# Spam Email Classification Model

In [1]:
# importing system libraries
from os import walk
from pathlib import Path
from string import punctuation
from random import shuffle
from collections import Counter

# importing additional libraries
import pandas as pd
import sklearn as sk
import nltk

In [2]:
# Read the whole data from the Enron Dataset into a variable allData.
rawpath = r"/kaggle/input/enron-spam/"
path = Path(rawpath)
pathwalk = walk(path)

allHamData, allSpamData = [], []
for root, dr, file in pathwalk:
    if 'ham' in str(file):
        for obj in file:
            with open(root + '/' + obj, encoding='latin1') as ip:
                allHamData.append(" ".join(ip.readlines()))
                
    elif 'spam' in str(file):
        for obj in file:
            with open(root + '/' + obj, encoding='latin1') as ip:
                allSpamData.append(" ".join(ip.readlines()))

In [3]:
# remove all redundent data
allHamData = list(set(allHamData))
allSpamData = list(set(allSpamData))

In [4]:
# get an overview of the data
print("number of ham emails:", len(allHamData))
print("number of spam emails:", len(allSpamData))

number of ham emails: 15910
number of spam emails: 14583


# NLTK's Naive Bayes Classifier

In [5]:
# creating a preprocessing function
# to tokenize and lemmatize the data using NLTK library
def preprocess(data):
    # tokenization
    tokens = nltk.word_tokenize(data)
    tokens = [w.lower() for w in tokens if w.isalpha()]

    # finding uncommon words
    cnt = Counter(tokens)
    uncommons = cnt.most_common()[:-int(len(cnt)*0.1):-1]
    
    # listing stopwords from NLTK
    stops = set(nltk.corpus.stopwords.words('english'))

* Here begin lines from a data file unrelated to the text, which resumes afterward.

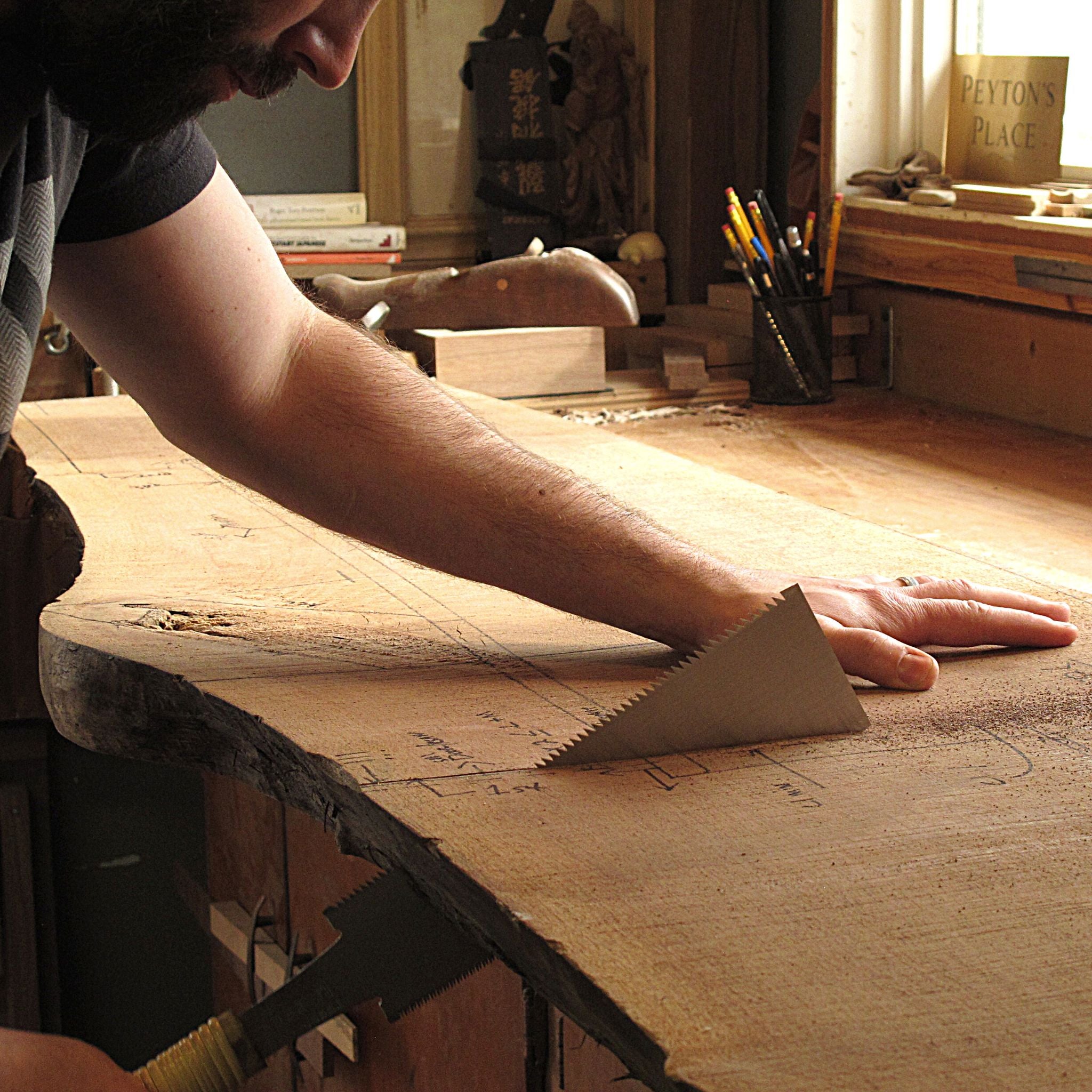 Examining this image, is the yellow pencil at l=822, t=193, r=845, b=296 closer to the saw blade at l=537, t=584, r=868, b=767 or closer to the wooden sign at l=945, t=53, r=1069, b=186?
the wooden sign at l=945, t=53, r=1069, b=186

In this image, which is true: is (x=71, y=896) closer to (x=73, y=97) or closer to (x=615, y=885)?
(x=73, y=97)

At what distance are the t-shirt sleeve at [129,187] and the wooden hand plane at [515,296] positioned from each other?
1.25m

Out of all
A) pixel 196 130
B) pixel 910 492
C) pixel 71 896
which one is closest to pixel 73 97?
pixel 196 130

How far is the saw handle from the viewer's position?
88 cm

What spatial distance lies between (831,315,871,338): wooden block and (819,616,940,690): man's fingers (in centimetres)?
153

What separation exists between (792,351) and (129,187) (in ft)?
4.73

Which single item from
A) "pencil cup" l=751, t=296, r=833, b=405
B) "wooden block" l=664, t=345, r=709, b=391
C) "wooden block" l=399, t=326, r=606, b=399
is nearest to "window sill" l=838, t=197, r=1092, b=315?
"pencil cup" l=751, t=296, r=833, b=405

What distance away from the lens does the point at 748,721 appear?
2.76 feet

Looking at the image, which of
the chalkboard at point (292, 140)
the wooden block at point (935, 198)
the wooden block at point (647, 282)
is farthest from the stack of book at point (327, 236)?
the wooden block at point (935, 198)

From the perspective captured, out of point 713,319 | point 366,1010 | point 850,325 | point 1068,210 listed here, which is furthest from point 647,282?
point 366,1010

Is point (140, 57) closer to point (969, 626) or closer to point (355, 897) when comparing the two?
point (355, 897)

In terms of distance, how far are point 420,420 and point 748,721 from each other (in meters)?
0.39

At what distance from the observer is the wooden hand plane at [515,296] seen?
2.27 meters

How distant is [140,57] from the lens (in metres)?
0.87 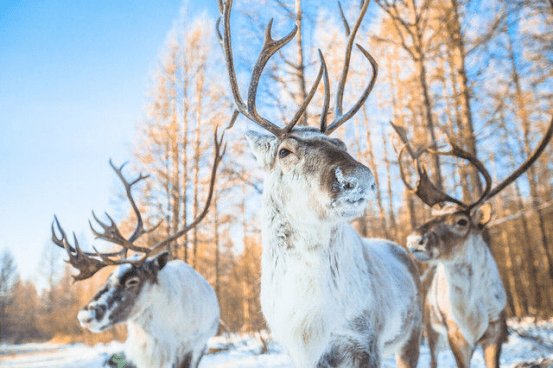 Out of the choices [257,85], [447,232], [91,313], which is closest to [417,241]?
[447,232]

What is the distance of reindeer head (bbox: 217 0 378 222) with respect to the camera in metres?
1.49

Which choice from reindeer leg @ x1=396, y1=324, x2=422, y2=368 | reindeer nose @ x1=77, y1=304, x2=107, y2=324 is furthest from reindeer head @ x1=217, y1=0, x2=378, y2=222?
reindeer nose @ x1=77, y1=304, x2=107, y2=324

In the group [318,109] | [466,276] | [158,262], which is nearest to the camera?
[466,276]

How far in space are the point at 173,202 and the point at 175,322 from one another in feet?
15.7

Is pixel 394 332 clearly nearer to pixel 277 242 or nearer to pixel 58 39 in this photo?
pixel 277 242

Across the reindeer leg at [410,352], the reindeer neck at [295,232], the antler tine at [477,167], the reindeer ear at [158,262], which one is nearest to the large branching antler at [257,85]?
the reindeer neck at [295,232]

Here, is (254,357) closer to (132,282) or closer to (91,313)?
(132,282)

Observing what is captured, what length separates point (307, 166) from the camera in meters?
1.71

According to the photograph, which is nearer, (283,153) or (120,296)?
(283,153)

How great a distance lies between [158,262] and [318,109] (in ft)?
15.0

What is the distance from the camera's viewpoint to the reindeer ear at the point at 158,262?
355 cm

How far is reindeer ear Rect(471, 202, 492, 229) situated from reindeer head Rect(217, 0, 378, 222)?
182 centimetres

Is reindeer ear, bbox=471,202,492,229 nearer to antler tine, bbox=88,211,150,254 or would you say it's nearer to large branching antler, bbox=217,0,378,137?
large branching antler, bbox=217,0,378,137

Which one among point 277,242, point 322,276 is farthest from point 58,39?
point 322,276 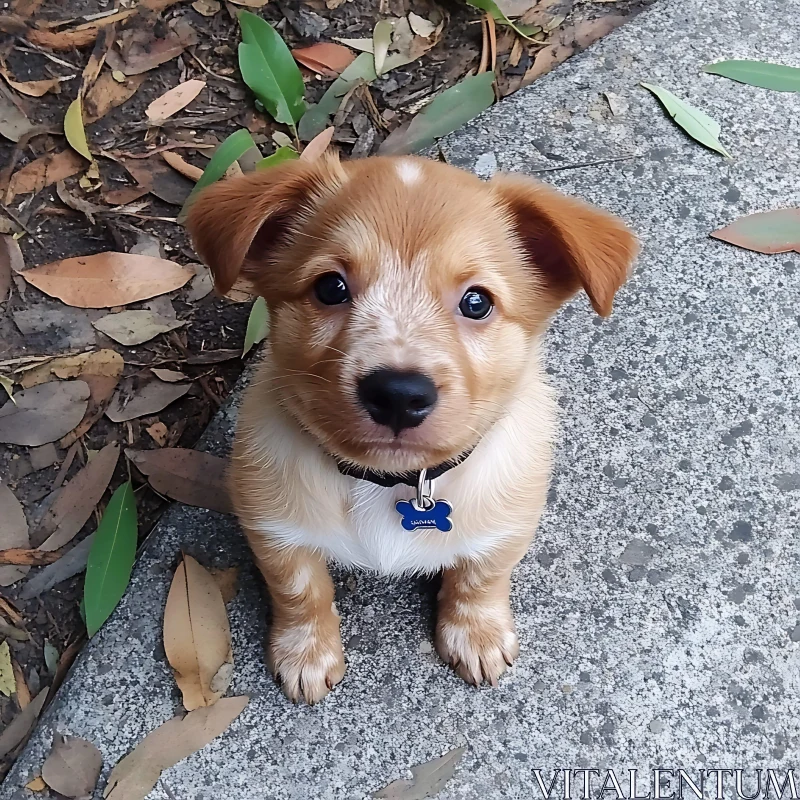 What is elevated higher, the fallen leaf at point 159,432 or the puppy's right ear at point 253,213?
the puppy's right ear at point 253,213

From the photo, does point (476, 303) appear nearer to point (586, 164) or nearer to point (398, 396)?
point (398, 396)

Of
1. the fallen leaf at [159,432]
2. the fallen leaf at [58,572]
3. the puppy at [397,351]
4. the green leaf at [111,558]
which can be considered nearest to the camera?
the puppy at [397,351]

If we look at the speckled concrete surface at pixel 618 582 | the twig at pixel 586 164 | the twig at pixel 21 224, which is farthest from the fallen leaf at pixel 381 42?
the twig at pixel 21 224

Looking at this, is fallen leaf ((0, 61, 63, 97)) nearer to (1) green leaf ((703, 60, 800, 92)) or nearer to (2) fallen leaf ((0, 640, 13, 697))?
(2) fallen leaf ((0, 640, 13, 697))

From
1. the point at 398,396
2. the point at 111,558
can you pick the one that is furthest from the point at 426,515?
the point at 111,558

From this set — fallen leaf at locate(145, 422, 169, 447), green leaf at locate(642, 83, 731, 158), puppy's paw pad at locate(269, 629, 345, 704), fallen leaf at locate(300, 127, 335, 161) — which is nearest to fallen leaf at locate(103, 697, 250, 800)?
puppy's paw pad at locate(269, 629, 345, 704)

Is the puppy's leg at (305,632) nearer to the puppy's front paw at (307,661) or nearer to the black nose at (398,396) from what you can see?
the puppy's front paw at (307,661)

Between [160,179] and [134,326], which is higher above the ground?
[160,179]

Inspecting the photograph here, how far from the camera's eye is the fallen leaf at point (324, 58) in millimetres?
3619

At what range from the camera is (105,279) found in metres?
3.10

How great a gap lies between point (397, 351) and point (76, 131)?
2.37 meters

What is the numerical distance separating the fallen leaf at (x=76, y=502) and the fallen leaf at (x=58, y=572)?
2.3 inches

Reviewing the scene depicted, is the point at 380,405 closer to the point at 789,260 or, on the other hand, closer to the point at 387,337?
the point at 387,337

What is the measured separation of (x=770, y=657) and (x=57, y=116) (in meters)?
3.33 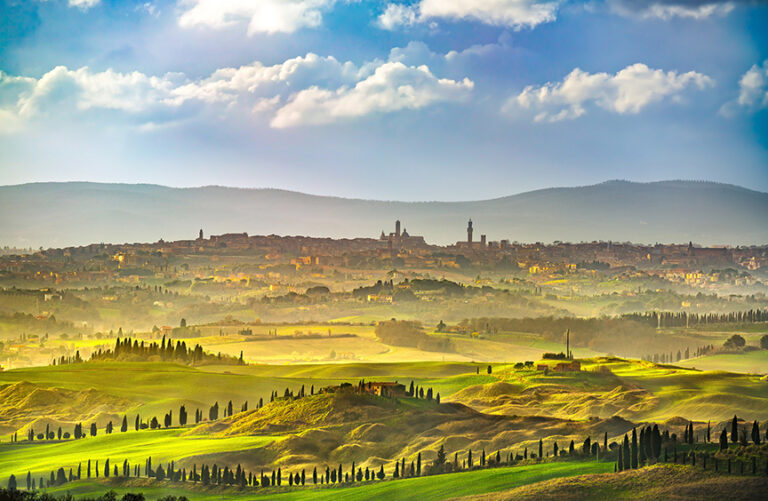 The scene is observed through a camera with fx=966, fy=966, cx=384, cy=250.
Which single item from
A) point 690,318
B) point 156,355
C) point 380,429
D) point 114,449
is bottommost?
point 114,449

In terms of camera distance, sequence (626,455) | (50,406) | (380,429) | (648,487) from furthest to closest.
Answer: (50,406) → (380,429) → (626,455) → (648,487)

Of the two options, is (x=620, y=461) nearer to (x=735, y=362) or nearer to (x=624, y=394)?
(x=624, y=394)

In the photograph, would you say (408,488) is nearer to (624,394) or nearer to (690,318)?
(624,394)

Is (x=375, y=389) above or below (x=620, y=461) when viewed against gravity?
above

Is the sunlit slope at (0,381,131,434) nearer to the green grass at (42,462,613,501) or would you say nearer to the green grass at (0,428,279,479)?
the green grass at (0,428,279,479)

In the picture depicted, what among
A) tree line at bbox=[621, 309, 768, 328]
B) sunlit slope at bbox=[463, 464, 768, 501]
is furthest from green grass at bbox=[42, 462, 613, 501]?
tree line at bbox=[621, 309, 768, 328]

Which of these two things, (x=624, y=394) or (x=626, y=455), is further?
(x=624, y=394)

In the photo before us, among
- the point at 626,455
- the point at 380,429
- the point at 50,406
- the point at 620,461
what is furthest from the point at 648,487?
the point at 50,406

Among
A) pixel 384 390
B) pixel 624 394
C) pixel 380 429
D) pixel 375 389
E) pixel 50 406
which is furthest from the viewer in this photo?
pixel 624 394

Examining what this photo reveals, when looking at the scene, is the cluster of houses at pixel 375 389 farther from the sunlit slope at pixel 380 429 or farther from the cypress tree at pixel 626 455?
the cypress tree at pixel 626 455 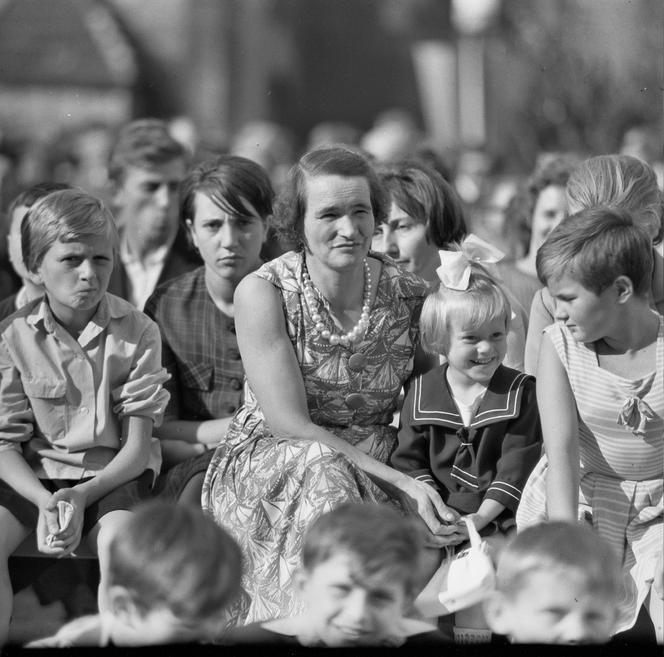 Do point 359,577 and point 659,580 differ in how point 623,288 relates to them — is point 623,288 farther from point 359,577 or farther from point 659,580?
point 359,577

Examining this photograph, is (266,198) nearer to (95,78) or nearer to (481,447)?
(481,447)

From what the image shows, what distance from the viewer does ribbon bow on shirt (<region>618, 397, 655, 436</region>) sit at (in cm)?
317

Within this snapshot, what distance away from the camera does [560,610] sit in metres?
2.58

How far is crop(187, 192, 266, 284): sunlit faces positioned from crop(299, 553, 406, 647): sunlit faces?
1595 millimetres

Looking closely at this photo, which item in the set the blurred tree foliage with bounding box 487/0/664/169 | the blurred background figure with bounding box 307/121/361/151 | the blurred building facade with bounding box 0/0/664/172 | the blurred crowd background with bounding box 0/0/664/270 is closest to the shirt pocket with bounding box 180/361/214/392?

    # removing stop words and uncommon words
    tokens = [w for w in tokens if (w not in stops and w not in uncommons)]

    # lemmatization
    lemmatizer = nltk.WordNetLemmatizer()
    tokens = [lemmatizer.lemmatize(w) for w in tokens]

    return tokens

In [6]:
# tokenize and lemmatize the data
allHamDataProcessed = [preprocess(data) for data in allHamData]
allSpamDataProcessed = [preprocess(data) for data in allSpamData]

# create a feature from this data by combining it, called X
X = allHamDataProcessed + allSpamDataProcessed

# create a label array called y to differenciate between spam and ham
# True will denote it as spam, and False will denote ham
y = [False]*len(allHamDataProcessed) + [True]*len(allSpamDataProcessed)

In [7]:
# Creating a dataframe out of the processed data
dataframeProcessed = pd.DataFrame({"email": X, "label": y})

# Get an overview of the processed data
print(dataframeProcessed.head())

                                               email  label
0  [subject, million, dollar, content, louise, tr...  False
1  [subject, mitsubishi, turbine, louise, spoke, ...  False
2  [subject, start, date, hourahead, hour, start,...  False
3  [subject, enpwer, eol, data, eol, deal, enpowe...  False
4  [subject, caiso, notice, upcoming, mif, stakeh...  False


In [8]:
# Splitting the data into (X, y) with train:test = 70:30
X, y = dataframeProcessed["email"], dataframeProcessed["label"]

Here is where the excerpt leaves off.